╭─ Data extract

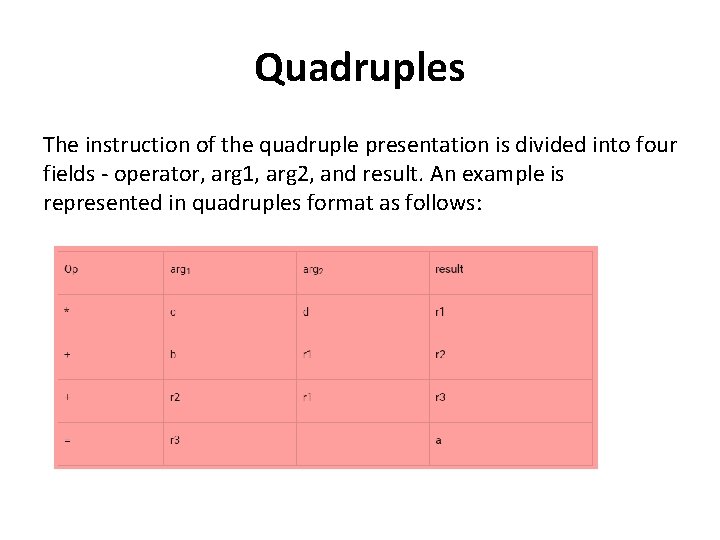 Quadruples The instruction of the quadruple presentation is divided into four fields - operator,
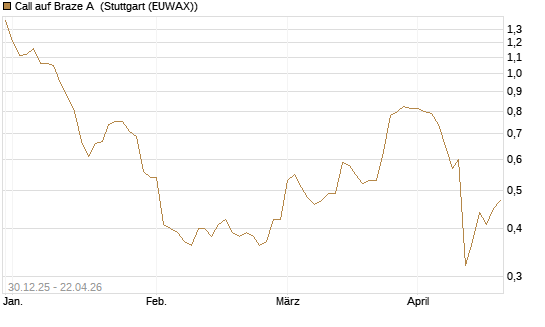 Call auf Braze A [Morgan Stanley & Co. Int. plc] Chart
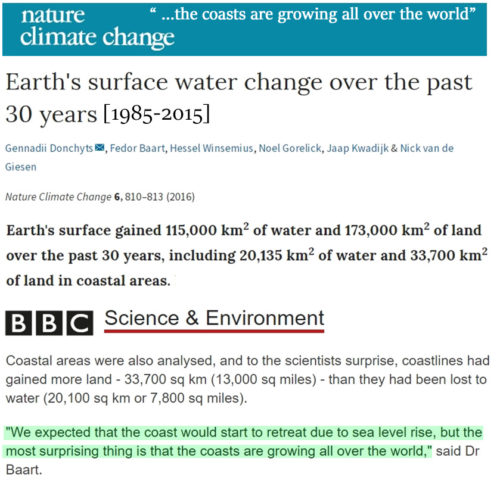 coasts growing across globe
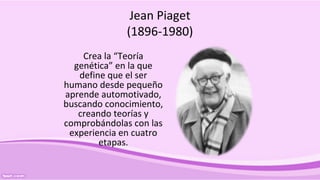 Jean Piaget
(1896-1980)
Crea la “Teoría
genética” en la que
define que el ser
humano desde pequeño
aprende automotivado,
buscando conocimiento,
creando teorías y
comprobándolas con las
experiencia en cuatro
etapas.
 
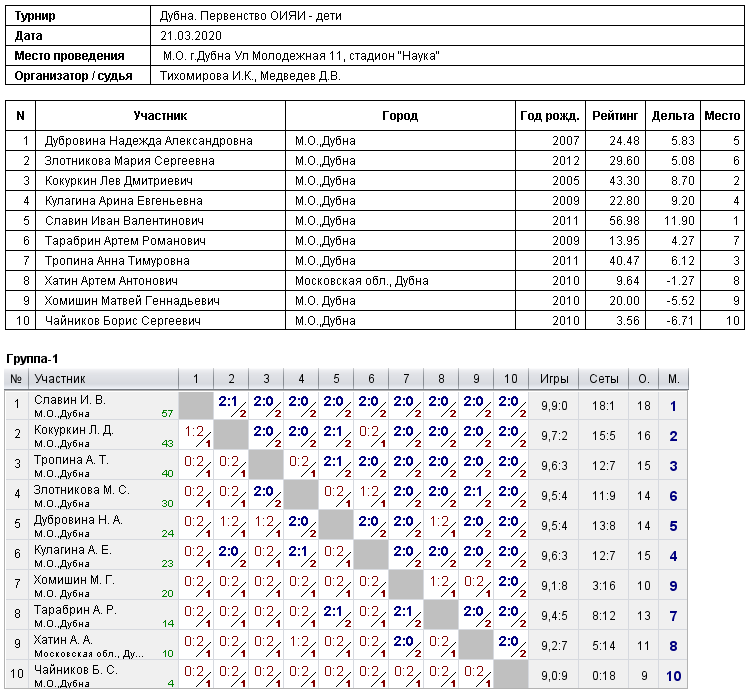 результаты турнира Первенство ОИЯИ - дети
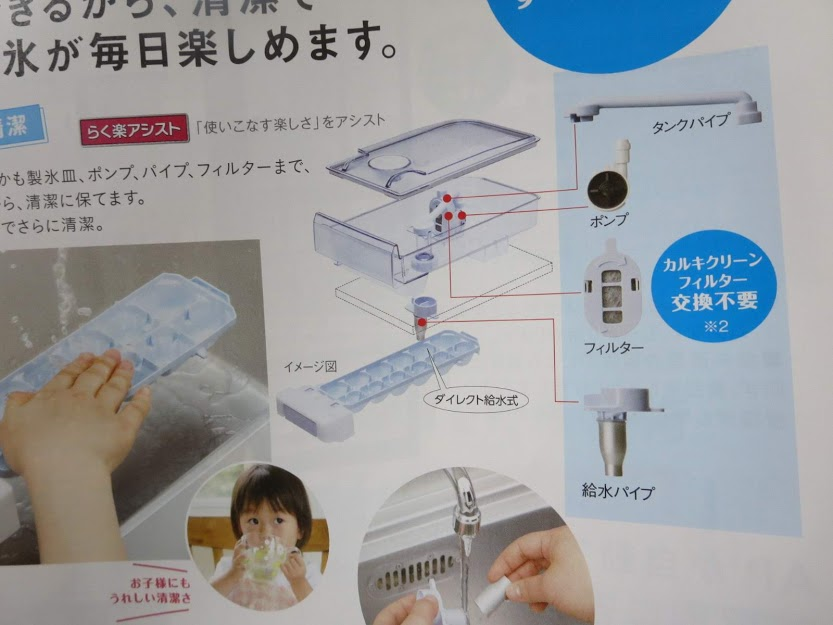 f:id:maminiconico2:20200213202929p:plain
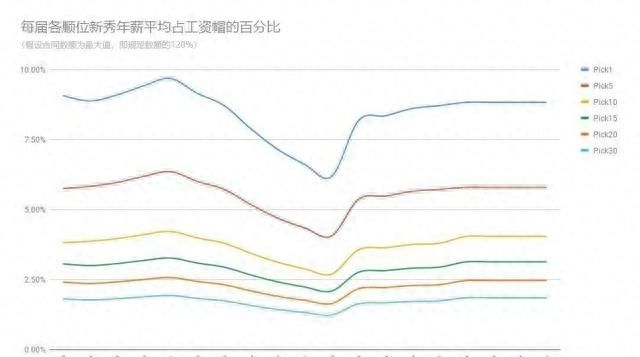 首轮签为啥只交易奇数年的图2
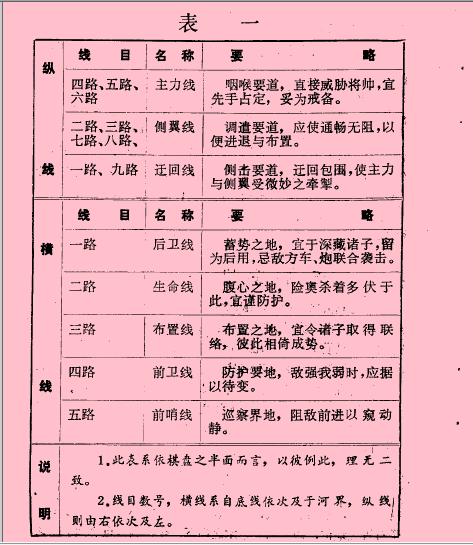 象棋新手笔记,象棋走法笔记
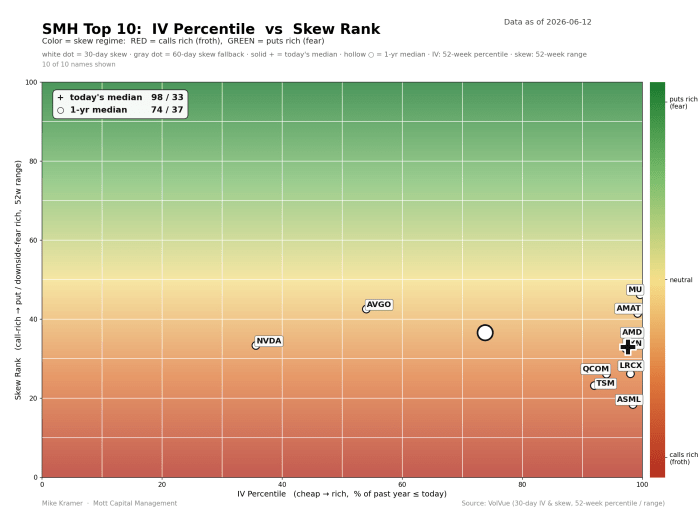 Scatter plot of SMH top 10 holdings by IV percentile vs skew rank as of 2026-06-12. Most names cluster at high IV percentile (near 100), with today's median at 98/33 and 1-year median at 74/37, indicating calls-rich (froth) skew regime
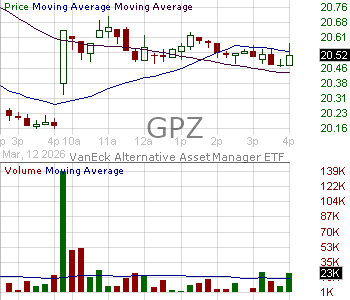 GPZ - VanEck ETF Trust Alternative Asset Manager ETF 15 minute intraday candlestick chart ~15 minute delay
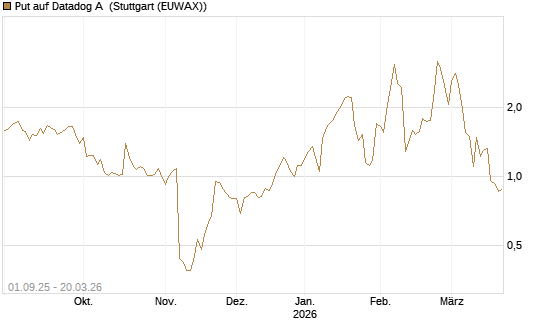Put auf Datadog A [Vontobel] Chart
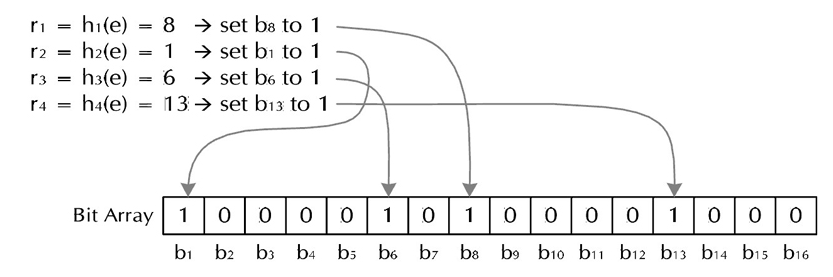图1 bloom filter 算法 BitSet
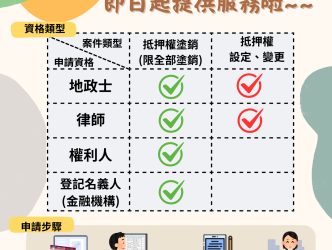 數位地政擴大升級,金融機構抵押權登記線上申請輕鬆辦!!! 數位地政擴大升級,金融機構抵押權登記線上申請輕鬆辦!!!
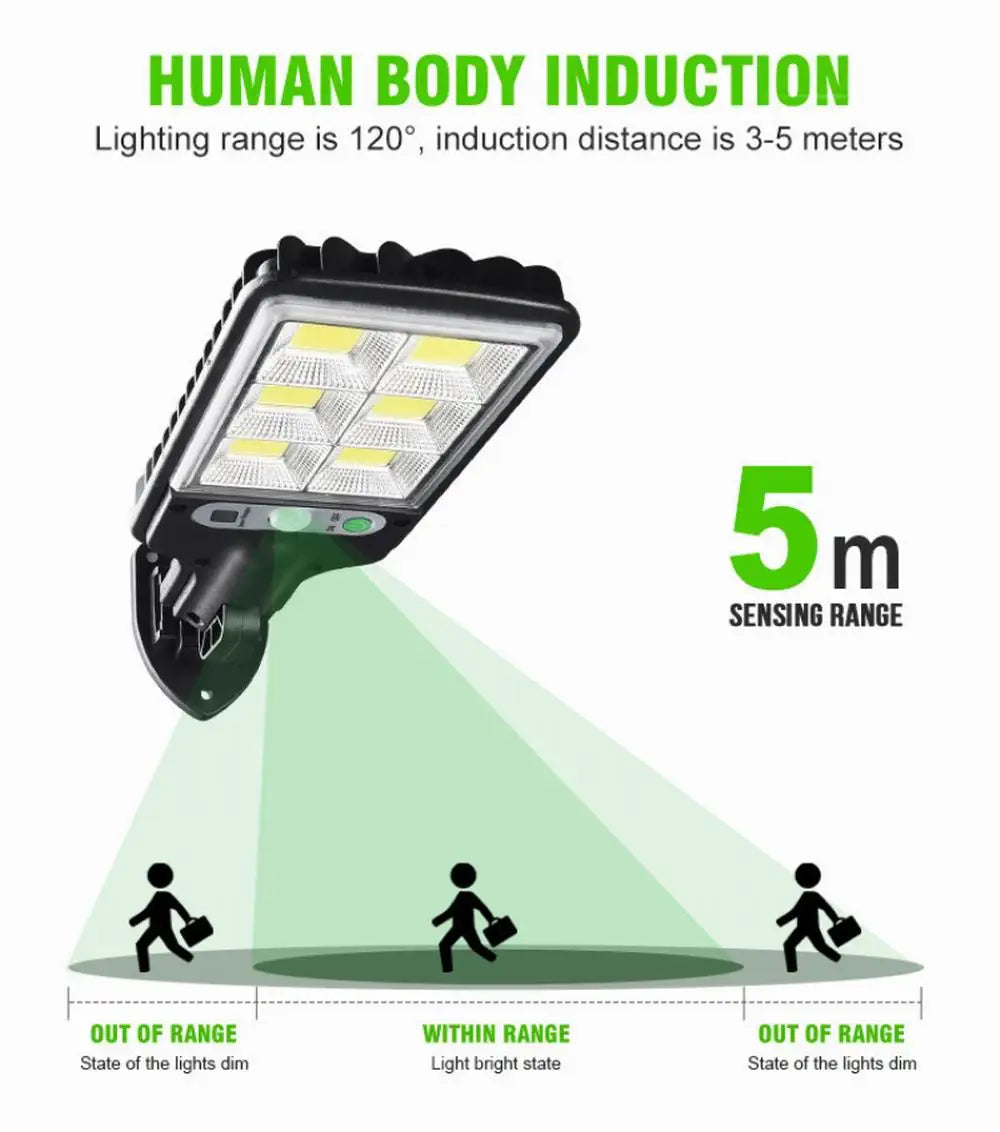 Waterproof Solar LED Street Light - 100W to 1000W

╰─

In the data above, find the line containing "图1 bloom filter 算法 BitSet"; from there, please write out each line through the end, exactly, with the pictures omitted.

(Solution to this problem)
图1 bloom filter 算法 BitSet
 數位地政擴大升級,金融機構抵押權登記線上申請輕鬆辦!!! 數位地政擴大升級,金融機構抵押權登記線上申請輕鬆辦!!!
 Waterproof Solar LED Street Light - 100W to 1000W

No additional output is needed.